Imposing a 2 percent nonrenewal mandate on insurers is neither good for consumers nor is it good for business. Maintaining a healthy insurance market is as important as the goal of maintaining availability. If insurers are not able to manage their business effectively in the wake of burdensome restrictions, the marketplace most assuredly will tend towards dysfunction. These proposals can and will make the marketplace much worse if implemented. The last thing NYIA members want is for the N.Y. homeowners market to deteriorate causing companies to consider or reconsider whether business in the state is viable. “

NYIA has pledged to work with NYSID and the Temporary Panel on Homeowners Insurance Coverage to ensure that coastal homeowners continue to be fairly and adequately protected while keeping the insurance marketplace competitive.

 IIABNY Lauds Initiative

DEWITT, N.Y.—The Independent Insurance Agents & Brokers of New York commended the New York Insurance Department for taking steps to address homeowners market problems in the New York City metro area. The group called the actions an “important first step” toward solving availability and affordability problems in the state’s coastal areas.

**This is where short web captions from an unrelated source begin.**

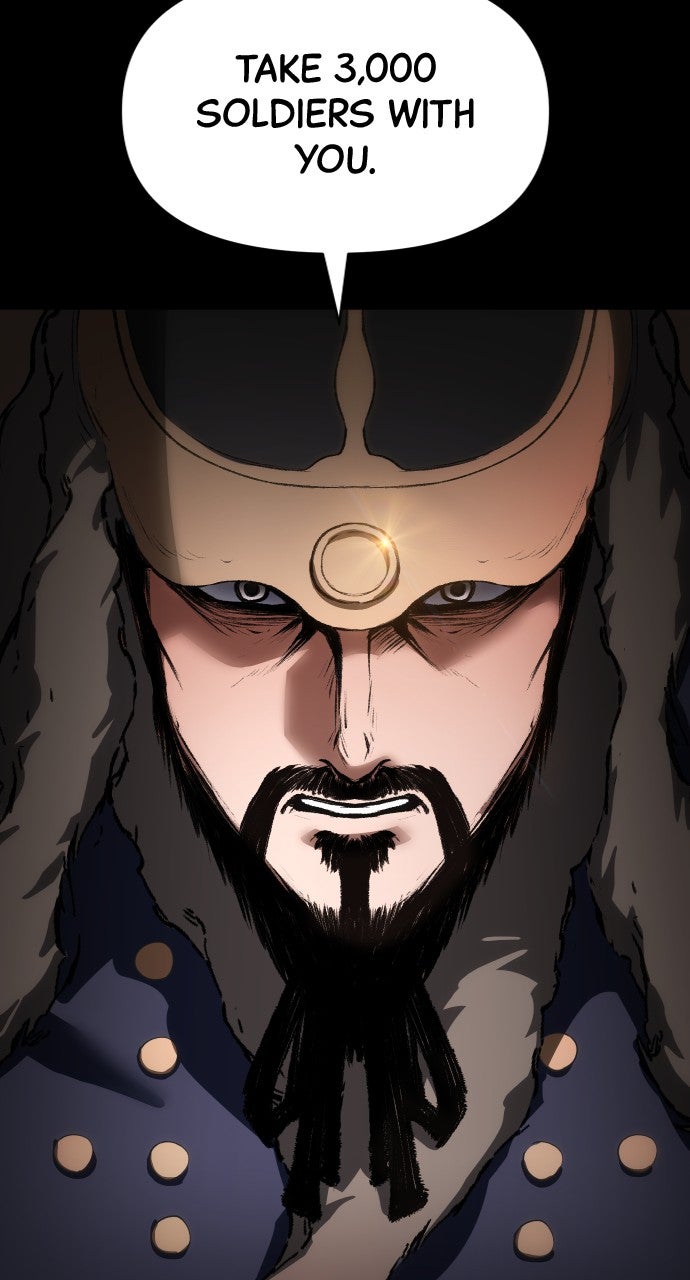 Chetamja: The King’s Eyes (S2) Ep. 39 - All Units, Charge! page 91 - 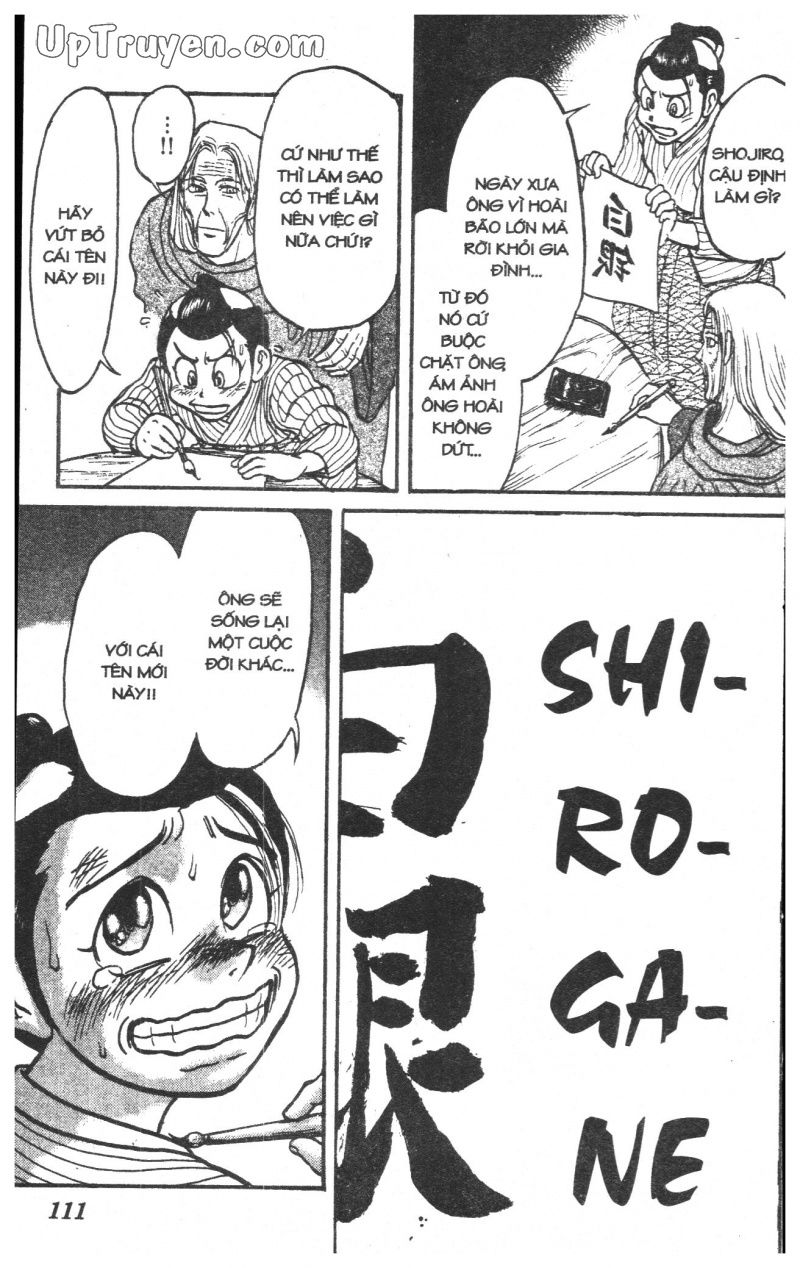 Fujita Kazuhiro - Chương 23 - Trang 112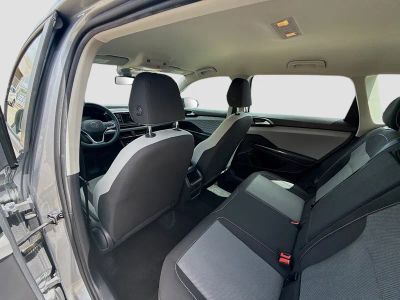 2022 Volkswagen Taos — photo 21 view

According to IIABNY, for several years, New York State licensed insurance companies have restricted the amounts of homeowners insurance they will provide in the coastal areas, particularly eastern Long Island. These restrictions arose out of concern for potentially catastrophic losses should a hurricane strike. Consequently, homeowners have been forced to obtain coverage from unregulated companies or from a market of last resort. According to figures provided by the Excess Line Association of New York, non-licensed companies wrote 16,000 homeowners policies in 2009, up from 4,400 in 2005 (the year of Hurricane Katrina) and 3,300 in 2000. One out of every five dwellings insured by the New York Property Insurance Underwriting Association (the state’s market for property owners when no insurance companies will provide coverage voluntarily) is on Long Island. More than one-quarter of them are in Suffolk County. “These proposals from the NYISD are an important first step to restoring a healthy homeowners insurance market for the state’s coastal areas,” said Thomas J. Crowley of Maran Corporate Risk Associates in Southampton and IIABNY’s secretary-treasurer. “We appreciate the department’s efforts on this issue and look forward to working with them and our insurance company partners to ensure a vibrant and competitive market for homeowners near the ocean.”

The troubled market in the coastal areas has long been a concern of IIABNY’s member insurance producers. The group has called for market reforms each of the past several years in its legislative agenda. IIABNY representatives attended a May 10 meeting in Albany with industry leaders and the chairs of the New York Assembly and Senate insurance committees to discuss potential solutions.

The department has said that it is accepting comments on the draft regulations through Oct. 8. The regulations must still go through formal publication and comment periods before they can take effect.